Set snug beneath green hills, this immaculate gastropub is country cosiness personified – a feast of wood beams & flagstones, with a blazing fire thrown in for good measure. Food-wise, the organic kitchen garden provides a plentiful harvest, & the surrounding countryside yields up the rest – the landlord shoots game as well as being master of the magnificent wine list. The kitchen has shifted up a gear of late, turning out a snappy, sophisticated mix of classic & traditional dishes. Stylish starters include Bath chap & ham hock terrine with parsley purée & truffle dressing, while mains strike a fulsome note – maybe pheasant with pommes Anna, cabbage & glazed carrots or local venison with celeriac purée & a pink peppercorn jus. Side orders of ‘posh mash’ keep things pubby, as do comforting desserts such as toffee apple crumble – but this is about as classy as a pub can be.
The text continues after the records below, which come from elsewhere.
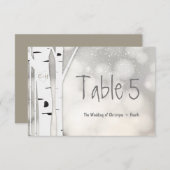 素朴樺の木ツリー冬の雪のテーブル番号カード 招待状 (正面/裏面)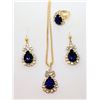 Image 1 : 23)  SUITE OF GOLD TONE WITH SAPPHIRE BLUE AND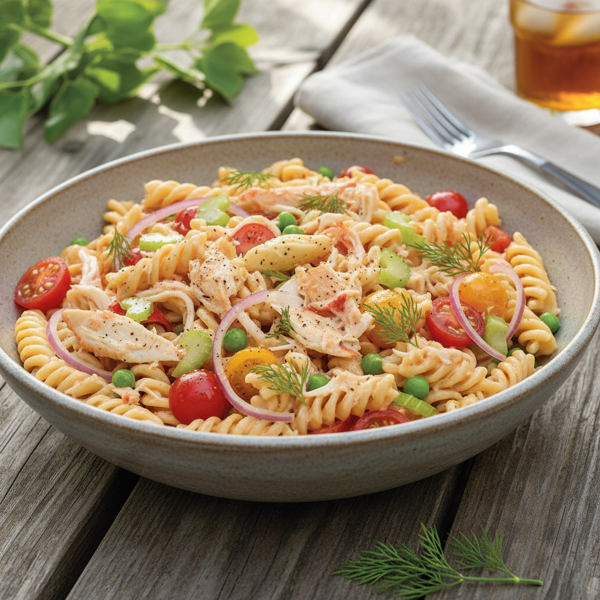 Creamy Crab Pasta Salad with Veggies recipe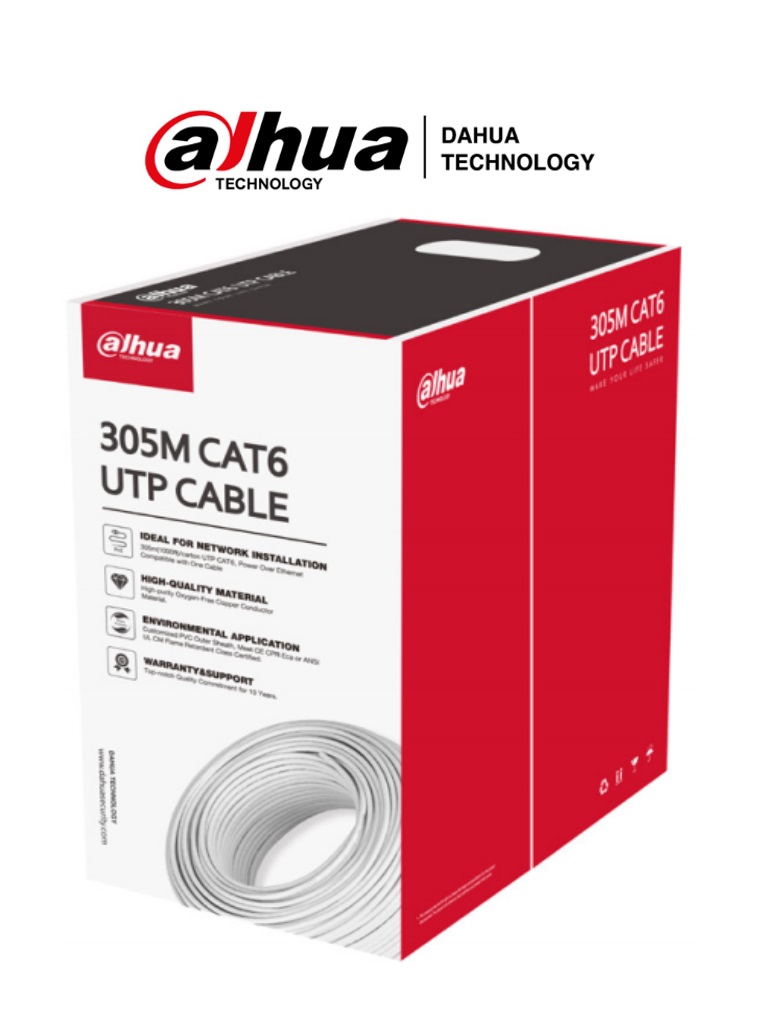 Bobina Dahua Technology DH-PFM923I-6UN - 305m, Blanco, Interior, Cat6, Cobre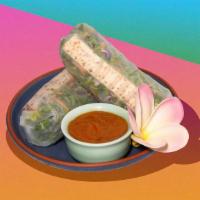 Vegetable Spring Roll (4Pc) · Cabbage, carrots, and glass noodles in a crispy pastry roll. Served with dipping sauce.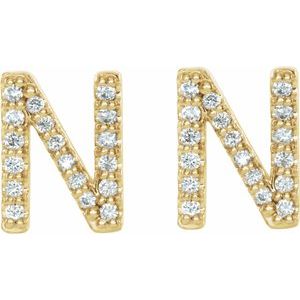 14K Yellow Gold 1/8 CTW Natural Diamond Initial N Earrings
What makes The Bell at Skenfrith’s
Champagne selection so good is its decent pricing, varieties of serve, and its range: 20 ‘exceptional and vintage’ Champagnes, from Krug and Cristal to unknown small growers; plus 16 expressions of
Gosset, nine of Taittinger and probably the finest array of Bollinger outside France. As well as interesting tasting notes, there is info about the houses, production techniques and the region
itself. A lengthy love letter to the world’s most famous bubbles.